A Restructuring Plan requires the consent of a number representing 75% in value of the creditors (or class of creditors) or members (or class of members), as the case may be, present and voting at the convening hearing. As opposed to the requirements under a Scheme, there is no additional requirement for the consent of a majority in number of creditors or members to be obtained.
Until the High Court’s decision in Re gategroup Guarantee Limited, English courts have generally pulled from the vast body of English common law governing Schemes in their interpretation of the Restructuring Plan because of the substantive similarity between these two sibling restructuring tools.
Gategroup: Interplay Between the Lugano Convention and the Restructuring Plan
In Re gategroup Guarantee Limited, Mr Justice Zacaroli of the High Court considered the interplay between (a) the convention on jurisdiction and the recognition and enforcement of judgments in civil and commercial matters signed on 30 October 2017 in Lugano (the Lugano Convention) and (b) the Restructuring Plan. To summarise, it was held that the Restructuring Plan fell outside of the scope of the Lugano Convention on application of the Bankruptcy Exclusion (defined below) and thus English courts had jurisdiction to sanction the proposed compromise or arrangement, despite underlying bond documentation being governed by Swiss law and subject to the exclusive jurisdiction of the Swiss courts. This marks a deviation from the approach of UK courts with regard to Schemes, which have historically been treated as falling within the scope of Regulation (EU) No 1215/2012 of the European Parliament and of the Council of 12 December 2012 on jurisdiction and the recognition and enforcement of judgments in civil and commercial matters (the Recast Brussels Regulation) and thereby the Lugano Convention.

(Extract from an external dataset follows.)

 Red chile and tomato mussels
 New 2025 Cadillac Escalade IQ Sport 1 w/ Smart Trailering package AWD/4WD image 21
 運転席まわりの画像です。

Background: Applicable European Legislation
Recast Brussels Regulation and Lugano Convention:
The Recast Brussels Regulation provides rules for determining the jurisdiction of a dispute and for the reciprocal recognition and enforcement of judgments between member states of the European Union. It ultimately provides that a defendant should be sued in its country of domicile. However, the Recast Brussels Regulation does not apply to “bankruptcy, proceedings relating to the winding-up of insolvent companies or other legal persons, judicial arrangements, compositions and analogous proceedings” (the Bankruptcy Exclusion).

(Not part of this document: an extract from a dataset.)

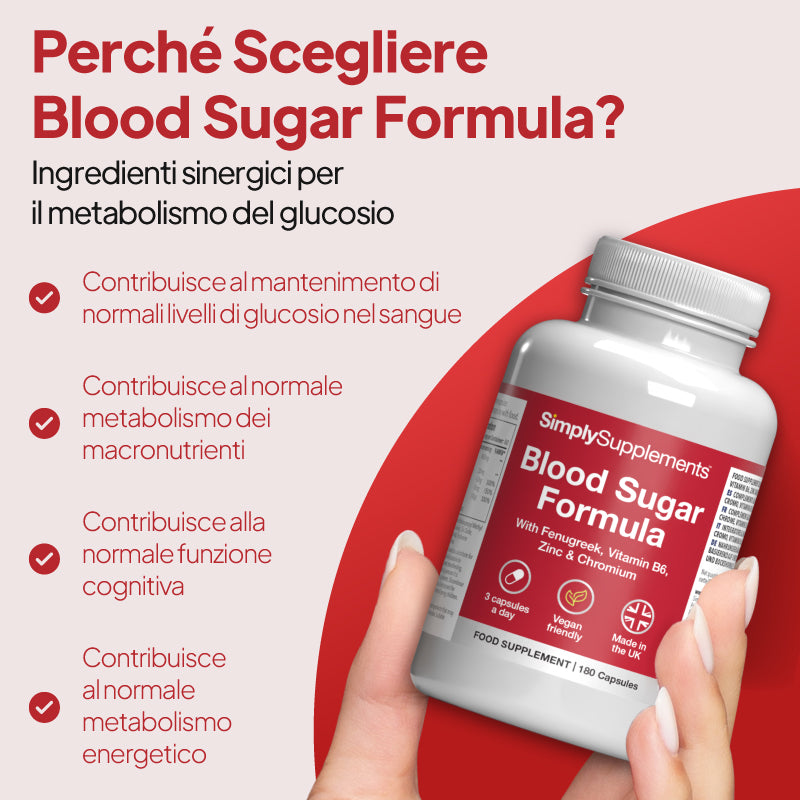 Una mano regge un flacone bianco di “SimplySupplements Blood Sugar Formula” su uno sfondo promozionale rosso e beige con testo in italiano e segni di spunta.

The Lugano Convention is an extension of Council Regulation (EC) No 44/2001 of 22 December 2000 on jurisdiction and the recognition and enforcement of judgments in civil and commercial matters (the Brussels Regulation), which pre-dates the Recast Brussels Regulation, and includes the same Bankruptcy Exclusion. The Lugano Convention serves to regulate the recognition and enforcement of judgments within and between members of the European Union and members of the European Free Trade Association. Following Brexit, the UK has applied to accede to the Lugano Convention and is awaiting unanimous approval.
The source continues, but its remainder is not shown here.